▶ _Task instructions_
Your task is to print all of the data word for word.

▶ _Given entries_
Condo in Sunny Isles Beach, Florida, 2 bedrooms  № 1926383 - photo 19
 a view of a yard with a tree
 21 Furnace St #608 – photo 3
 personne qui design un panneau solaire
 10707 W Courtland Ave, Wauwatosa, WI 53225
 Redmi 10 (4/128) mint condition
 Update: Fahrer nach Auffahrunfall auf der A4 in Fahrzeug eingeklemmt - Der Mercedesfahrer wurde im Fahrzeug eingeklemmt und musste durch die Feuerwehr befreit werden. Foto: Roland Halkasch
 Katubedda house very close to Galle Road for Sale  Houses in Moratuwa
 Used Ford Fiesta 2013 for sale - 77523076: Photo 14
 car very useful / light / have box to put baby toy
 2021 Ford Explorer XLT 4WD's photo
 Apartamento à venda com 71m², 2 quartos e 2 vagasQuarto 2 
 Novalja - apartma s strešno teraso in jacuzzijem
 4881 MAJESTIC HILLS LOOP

▶ _Reply to the exercise_
Condo in Sunny Isles Beach, Florida, 2 bedrooms  № 1926383 - photo 19
 a view of a yard with a tree
 21 Furnace St #608 – photo 3
 personne qui design un panneau solaire
 10707 W Courtland Ave, Wauwatosa, WI 53225
 Redmi 10 (4/128) mint condition
 Update: Fahrer nach Auffahrunfall auf der A4 in Fahrzeug eingeklemmt - Der Mercedesfahrer wurde im Fahrzeug eingeklemmt und musste durch die Feuerwehr befreit werden. Foto: Roland Halkasch
 Katubedda house very close to Galle Road for Sale  Houses in Moratuwa
 Used Ford Fiesta 2013 for sale - 77523076: Photo 14
 car very useful / light / have box to put baby toy
 2021 Ford Explorer XLT 4WD's photo
 Apartamento à venda com 71m², 2 quartos e 2 vagasQuarto 2 
 Novalja - apartma s strešno teraso in jacuzzijem
 4881 MAJESTIC HILLS LOOP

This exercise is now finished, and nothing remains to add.